Herbal medicines or homoeopathy are made using different parts of medicinal plants. It is a common belief in many people that herbal medicines, since natural, are safe to take. However, even these can cause potentially harmful effects, allergic reactions or may interfere with the body’s normal functioning. 

Talking about therapeutic effects in the treatment of cancers, it remains largely unknown and unproven till date. 

  1. What can cause a brain tumor to be inoperable?

Inoperable brain tumors are those tumors that can not be removed surgically. Some brain tumors are inoperable because it is not safe to perform surgery as doing so can cause further brain damage or death. In such cases, minimally invasive approaches, radiotherapies, and chemotherapies are available for the treatment.

  1. How does glioblastoma multiforme cause death?

Several factors like herniation, surgical complications, severe systemic illness, brainstem invasion by tumor, and neutron-induced cerebral injury can lead to death in a GBM patient. Although there has been a lot achieved in the GBM treatment, the median survival rate has not improved much.  The overall prognosis continues to appear grim.

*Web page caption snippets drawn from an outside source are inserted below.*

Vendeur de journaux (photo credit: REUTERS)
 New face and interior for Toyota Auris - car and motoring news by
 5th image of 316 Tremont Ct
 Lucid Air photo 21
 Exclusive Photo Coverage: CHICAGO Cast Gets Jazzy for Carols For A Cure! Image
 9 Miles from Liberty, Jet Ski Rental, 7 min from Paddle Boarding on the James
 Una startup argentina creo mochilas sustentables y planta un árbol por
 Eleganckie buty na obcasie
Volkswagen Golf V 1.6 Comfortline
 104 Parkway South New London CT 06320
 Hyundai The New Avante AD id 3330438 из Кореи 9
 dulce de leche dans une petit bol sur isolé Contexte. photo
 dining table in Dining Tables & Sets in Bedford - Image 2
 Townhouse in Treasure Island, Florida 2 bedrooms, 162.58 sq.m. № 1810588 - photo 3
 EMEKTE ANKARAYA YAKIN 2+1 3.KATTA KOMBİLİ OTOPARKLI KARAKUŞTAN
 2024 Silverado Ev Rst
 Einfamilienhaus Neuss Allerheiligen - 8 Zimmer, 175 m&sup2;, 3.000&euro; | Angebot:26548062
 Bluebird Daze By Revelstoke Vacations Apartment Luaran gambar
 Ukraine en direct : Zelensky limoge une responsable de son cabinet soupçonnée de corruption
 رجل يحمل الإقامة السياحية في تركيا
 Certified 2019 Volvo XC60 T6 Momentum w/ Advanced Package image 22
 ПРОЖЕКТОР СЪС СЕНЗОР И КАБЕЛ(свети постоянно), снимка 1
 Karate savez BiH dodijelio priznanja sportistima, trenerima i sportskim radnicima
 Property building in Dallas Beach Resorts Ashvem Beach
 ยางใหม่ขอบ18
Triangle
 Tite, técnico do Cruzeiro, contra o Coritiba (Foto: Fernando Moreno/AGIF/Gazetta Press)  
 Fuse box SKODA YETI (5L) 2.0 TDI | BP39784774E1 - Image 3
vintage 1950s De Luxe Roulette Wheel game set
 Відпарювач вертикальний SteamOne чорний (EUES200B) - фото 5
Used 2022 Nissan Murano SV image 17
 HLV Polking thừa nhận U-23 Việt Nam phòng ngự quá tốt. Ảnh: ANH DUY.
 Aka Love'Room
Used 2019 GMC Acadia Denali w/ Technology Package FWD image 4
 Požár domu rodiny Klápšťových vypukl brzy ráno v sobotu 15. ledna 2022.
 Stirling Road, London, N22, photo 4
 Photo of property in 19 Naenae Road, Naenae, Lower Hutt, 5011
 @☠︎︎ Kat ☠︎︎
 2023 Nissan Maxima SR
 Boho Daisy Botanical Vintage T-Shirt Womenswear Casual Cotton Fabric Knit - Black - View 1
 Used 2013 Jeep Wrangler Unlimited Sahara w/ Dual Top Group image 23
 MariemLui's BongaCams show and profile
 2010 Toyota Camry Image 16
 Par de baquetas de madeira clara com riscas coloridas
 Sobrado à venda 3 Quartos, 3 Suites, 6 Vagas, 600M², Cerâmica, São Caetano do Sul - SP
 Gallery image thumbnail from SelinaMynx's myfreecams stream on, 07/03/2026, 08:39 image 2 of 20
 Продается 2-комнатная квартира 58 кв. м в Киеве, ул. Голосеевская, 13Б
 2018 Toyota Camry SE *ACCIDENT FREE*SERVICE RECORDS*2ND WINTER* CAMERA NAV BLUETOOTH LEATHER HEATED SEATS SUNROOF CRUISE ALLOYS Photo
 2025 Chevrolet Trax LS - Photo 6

According to a study, the median duration of patient survival is estimated to be between 12 and 18 months with maximal treatment, but those without any intervention die soon after diagnosis. (Davis FG et al.)

  1. Will there ever be a cure for Glioblastoma?

To data, Glioblastoma has no cure. However, the outlook for patients with glioblastoma multiforme is anticipated to improve in the coming years. 

Key companies including Bayer, Diffusion Pharmaceuticals, VBL Therapeutics, AstraZeneca, DNAtrix, DelMar Pharmaceuticals, Oncoceutics, KaryoPharm, VBI Vaccines, Kazia Therapeutics, Aivita Biomedical, Medicenna Therapeutics, Immunomic Therapeutics and Inovio Pharmaceuticals are running several clinical trials investigating different pipeline therapies at the different clinical stage of development in Glioblastoma multiforme market

Recent years have witnessed tremendous growth in clinical trials and target-specific treatments for GBM, such as against EGFR has been investigated, small-molecule inhibitors targeting tyrosine kinases, such as erlotinib and gefitinib are also being widely evaluated. Further advanced technology has helped in better understanding of the molecular pathways of the brain tumor.